• [WHAT IS BEING ASKED] Line by line, transcribe the data below exactly and pass over the images.

::: DATA EXCERPT :::

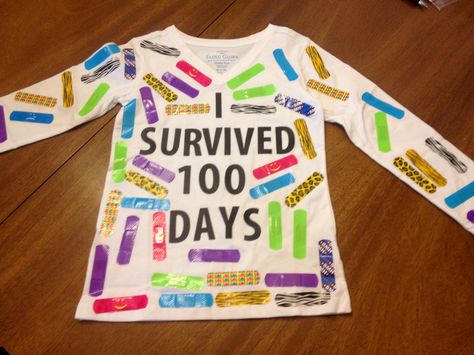 100 days of school Tshirt with 100 colorful band aids. Used vinyl peel and stick letters 100 Day Of School Ideas, 120 Days Of School, 100 Days Of School Project Kindergartens, 100 Day Ideas, 100 Day Shirt Ideas, 100days Of School Shirt, 100 Días De Clases, 100th Day Of School Ideas, 100th Days Of School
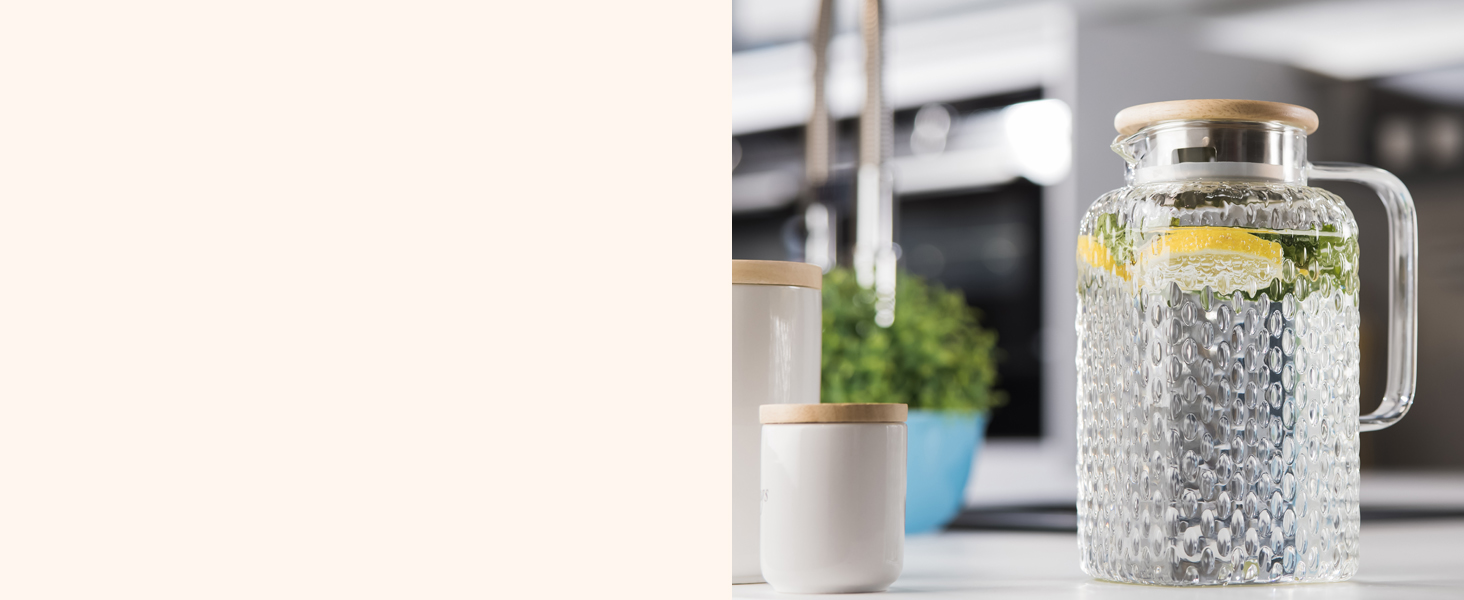 Скляна карафа з кришкою та ситом (1,5 л) - глечик для води з кришкою, з міцного боросилікатного скла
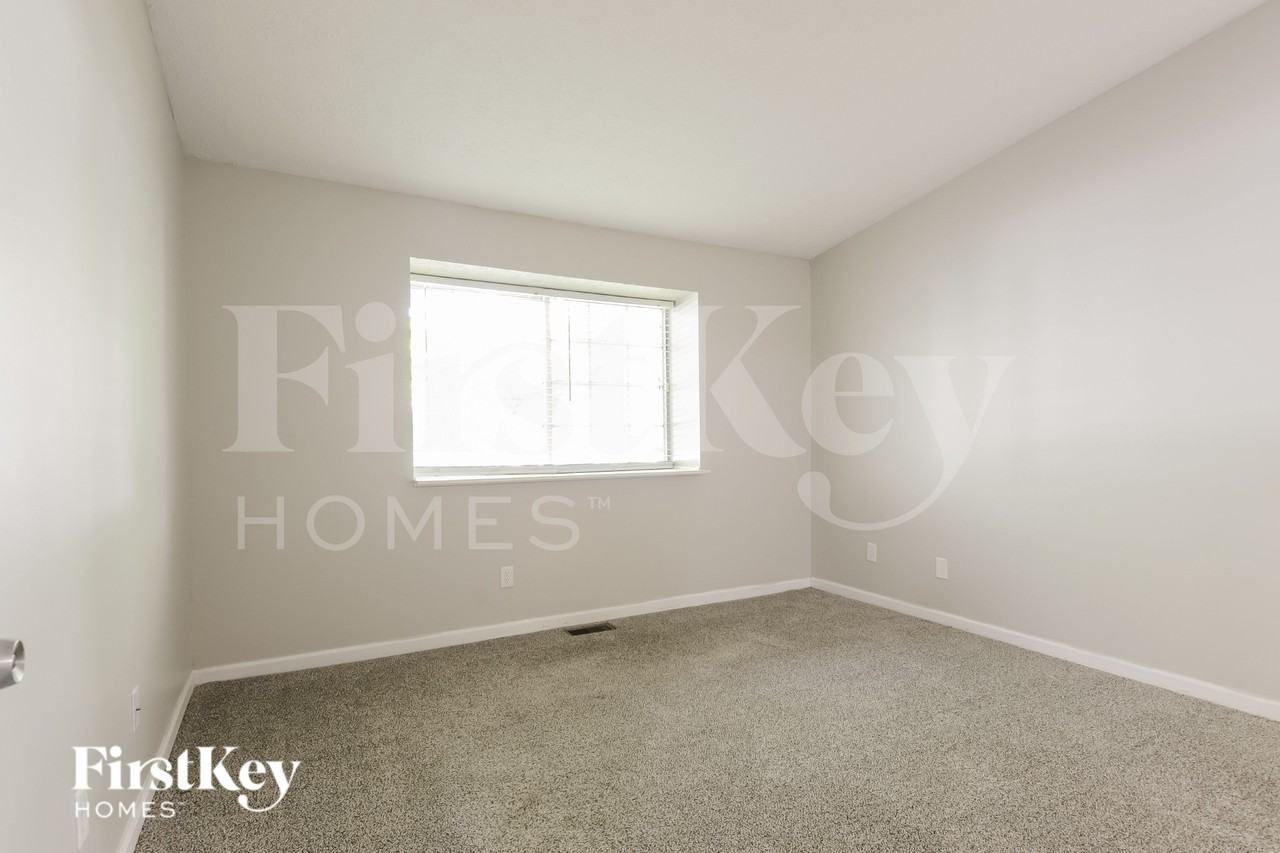 274 Meadow Glen Dr - Photo 7 of 16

:::

• [RESPONSE BOX]
 100 days of school Tshirt with 100 colorful band aids. Used vinyl peel and stick letters 100 Day Of School Ideas, 120 Days Of School, 100 Days Of School Project Kindergartens, 100 Day Ideas, 100 Day Shirt Ideas, 100days Of School Shirt, 100 Días De Clases, 100th Day Of School Ideas, 100th Days Of School
 Скляна карафа з кришкою та ситом (1,5 л) - глечик для води з кришкою, з міцного боросилікатного скла
 274 Meadow Glen Dr - Photo 7 of 16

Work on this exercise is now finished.